But the concept is untested, experts said, and the deteriorating market conditions had further dimmed its prospects.

It is far from clear that other countries will accept the need for wholesale recapitalization of the banks. Even if they did, neither the British nor the American plan would necessarily be a template.

"You have lots of people skinning the cat in lots of different ways," said McCormick, the Treasury's point person in organizing the meetings of finance ministers. "It's clear that one size does not fit all."

A perplexing dive

The plummeting stock market could not be blamed on any single piece of horrible news — there were no additional bank failures or government bailouts or corporate bankruptcies.

"I've never seen a panic like this," said David Wyss, chief economist at Standard & Poor's. "I've seen stock market drops, but not an overall panic."

In the busiest day in New York Stock Exchange history, panicky investors dumped stocks en masse. The plunge came in a stomach-churning 90 minutes.

The Dow was down just 140 points at 2:30 p.m., and 200 points at 3. But then, wave after wave of selling began to roll through the market. By 3:20, the index was down 380 points. Ten minutes later, it was down 390 points. By 3:45, it was down 660. After staging a brief rally, it fell again.

Fear from Wall Street flooded into Asia today, where markets were dramatically lower in early trading. Japan's benchmark Nikkei average plunged nearly 10 percent, Australia markets slid more than 7 percent and South Korea stocks were down about 8 percent.

"There is distrust in the market and distrust in the government that is trying to heal this," said Peter Cardillo, chief market economist with New York-based Avalon Partners.

>>fast facts

Depths of misery

• In the last six trading days the Dow has plummeted 2,251.8 points, or 20.8 percent, a decline big enough, on its own, to mark the start of a bear market. It also is similar to the drop in the Dow on Black Monday, Oct. 19, 1987, when it fell 22.6 percent.

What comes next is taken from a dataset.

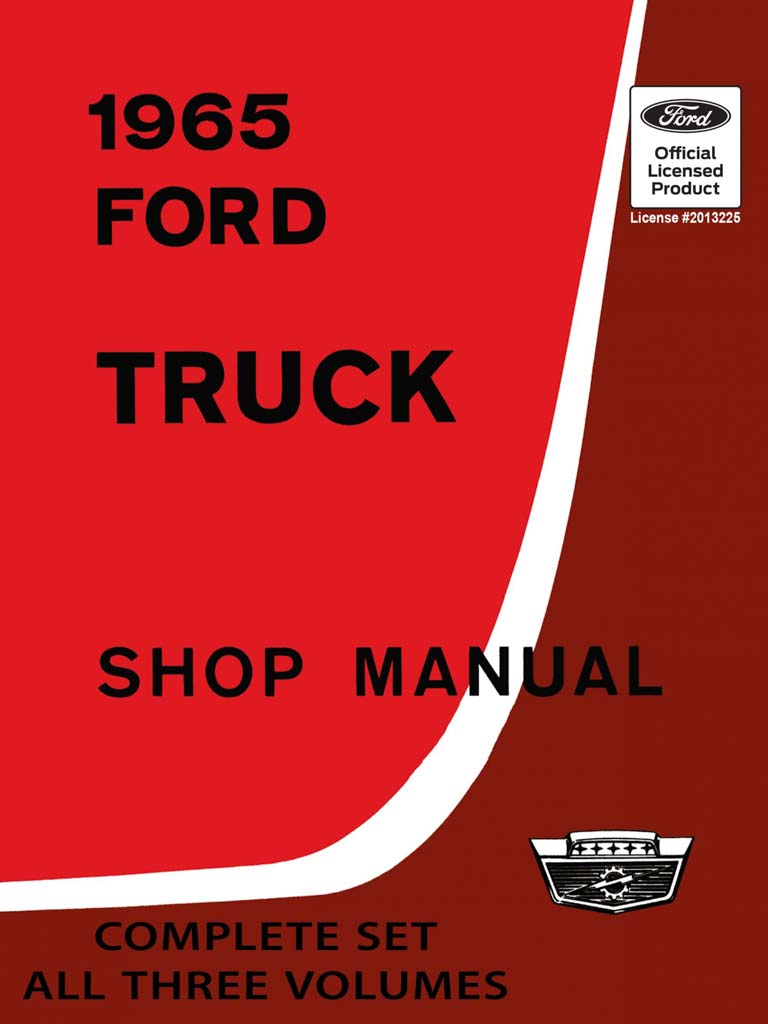 1965 ford truck shop manual pdf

• The broad Standard & Poor's 500 fell 7.6 percent, the seventh consecutive day of misery on Wall Street. The index has now fallen 42 percent from its all-time high one year ago Thursday and 22 percent this month alone.

• Stocks are on track for their worst calendar year since 1937.

• Investors pulled a record $72-billion out of stock and bond mutual funds in September, the research firm TrimTabs said Thursday, and in the past week alone took out $52-billion.

World market rout widens 10/09/08 [Last modified: Sunday, October 12, 2008 6:30pm]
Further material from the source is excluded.